Edifying as these conversations are, they hit a few emotional seams along the way too. He sketches an anecdote of a mother and son in Florence, who may or may not be Elle and her son. The mother doesn’t tell him the reproduction David in the Piazza della Signoria is a copy of the Academy’s original, but still his wonder is genuine. And She is floored by the coincidental detail of them walking together, but always ten metres apart. James’ quest for a simple existence becomes framed in a gender struggle, opting out from family life to pursue his creative endeavours, a privilege refused to a single mother constantly drowning in mundane questions such as “Where’s the stapler?” In her most despondent reproach, She bitterly complains her child may be enjoying his life, but he’s ruining hers.

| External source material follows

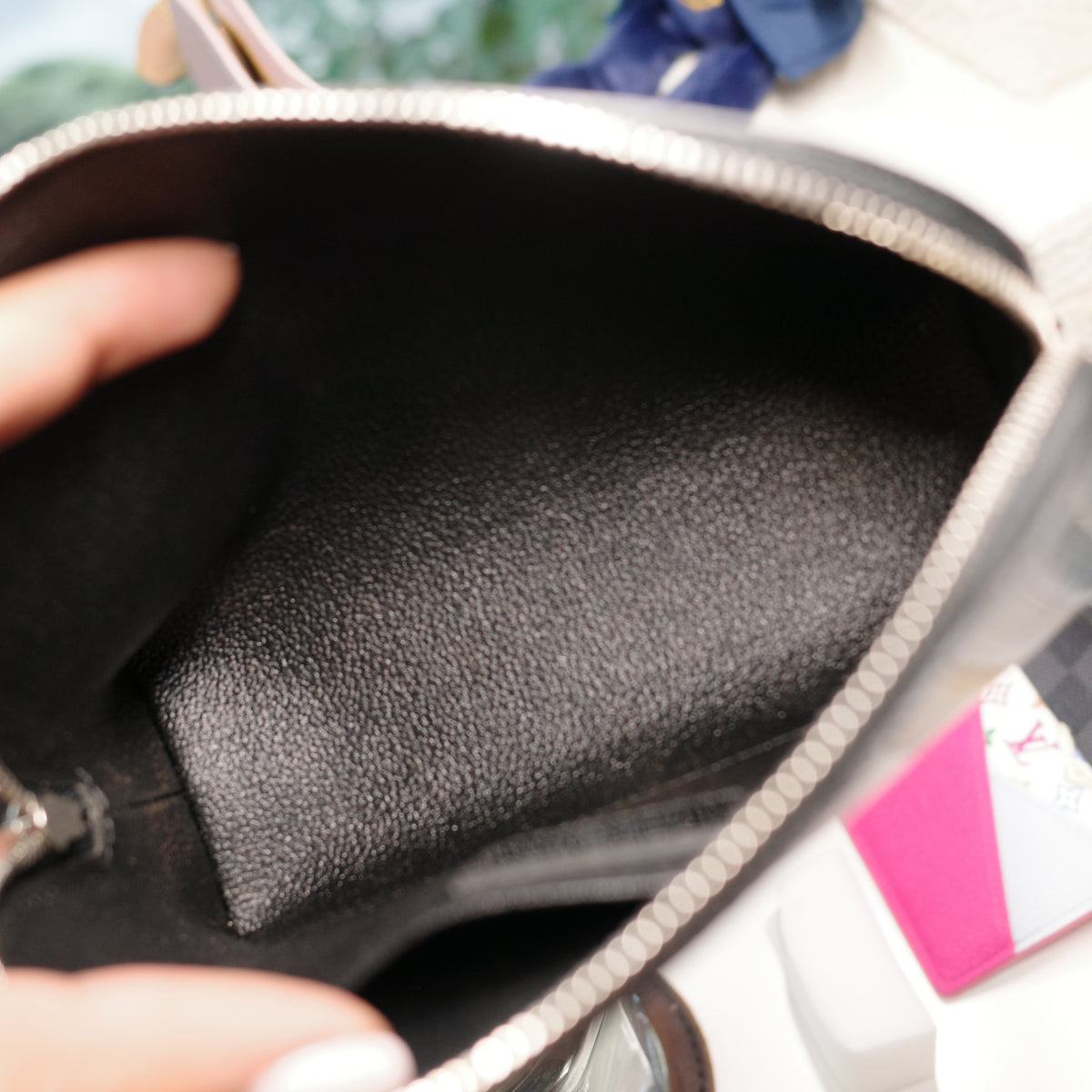 LOUIS VUITTON Electric Epi Black Cosmetic PM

Intermingled in this reality, a fictional narrative develops. The couple develop a backstory as if they’ve been married for fifteen years and he’s never home, playing out the fears and frictions that could get in the way of a burgeoning romance. Their role-play is like a relationship in miniature, a sampler as they battle the ghosts of the past, their hardened personalities, while trying to find common ground, some room for love. Striding on ahead, all She wants is for him to put his arm round her, for someone to keep up and shoulder the responsibility. And their argument around the baroque fountain in a square becomes a confluence of these rivulets of gender and originality; she reacts emotionally to the female resting her head on her protective man’s shoulder while he abhors the gaudy sentimentality. This relationship in rewind is unwinding.

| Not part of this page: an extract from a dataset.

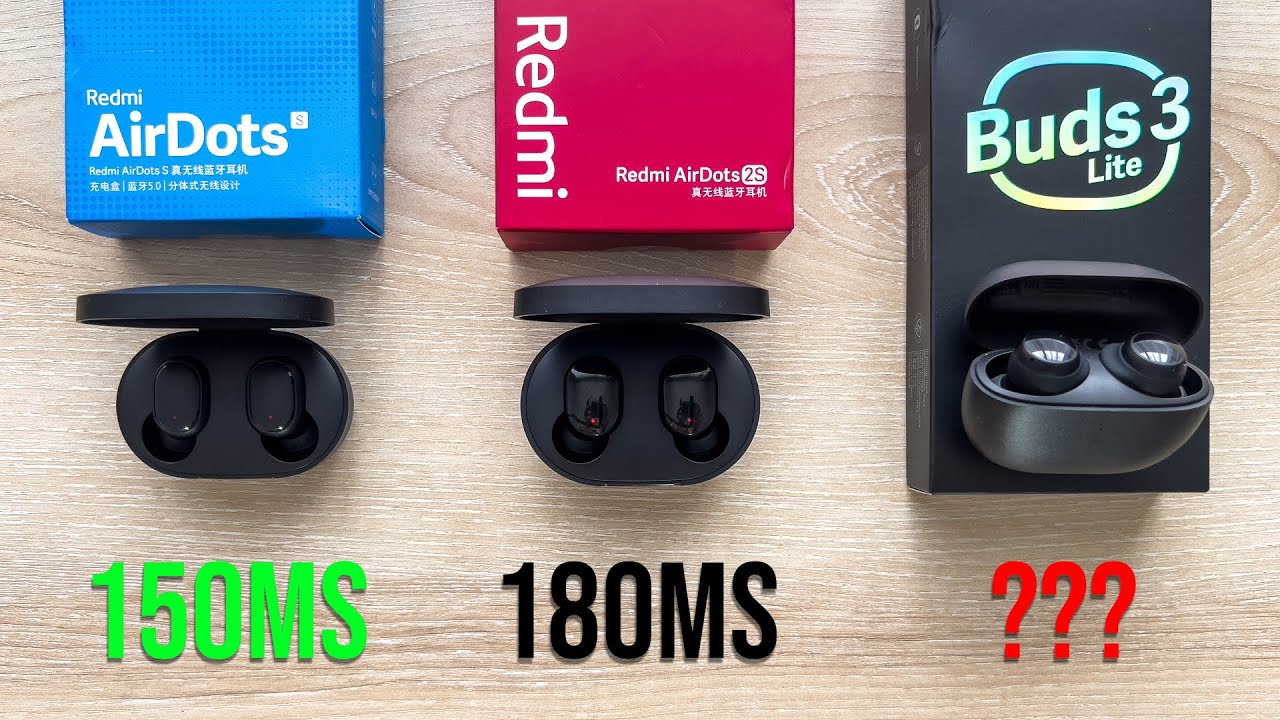 The LOWEST Latency TWS under $20 - AirDots S/2S/3 Lite Full Comparison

As they play out their relationship, posing as a happy couple of fifteen years for newlyweds, or revisiting their honeymoon hotel, details begin to corroborate; he only shaves every other day and not on their wedding day. And it’s a deliciously uncomfortable ambiguity as we question what’s fiction and what’s real. Maybe they are married after all, struggling to rekindle a love after a spring, summer, autumn and winter of fading light in this middle-age Garden of Leaflessness. But in the final reel, this eel-like film takes another leap forward into heartbreaking vulnerability, as the two characters lay their hearts on the line. Here La Binoche is at her best, preening herself in front of a mirror for her grand amour, or wiping the lipstick from her mouth in bitter disappointment. Their emotional tango contains parallel movements of eagerness and reluctance, culminating in his symmetrical mirror scene, a final symbol of his decision to commit.

Like a signed edition of his book, their relationship is an original copy; a reflection of themselves and of previous relationships, but also something new and undiscovered. With its bittersweet battle of the sexes, Certified Copy is a profound exploration of modern relationships. In English, French and Italian, it truly is a European movie with a familiar hint of Kiarostami – medina meanderings and grainy textures reminiscent of Where Is The Friend’s House? And as She stutters “J-J-J-James”, copying her brother-in-law’s stammer and by extension his simple adoration for his wife, she confesses her love to him in an affecting moment of genuine emotion. It’s a lifetime of love in the afternoon.

Certified Copy is released in the UK on 3rd September.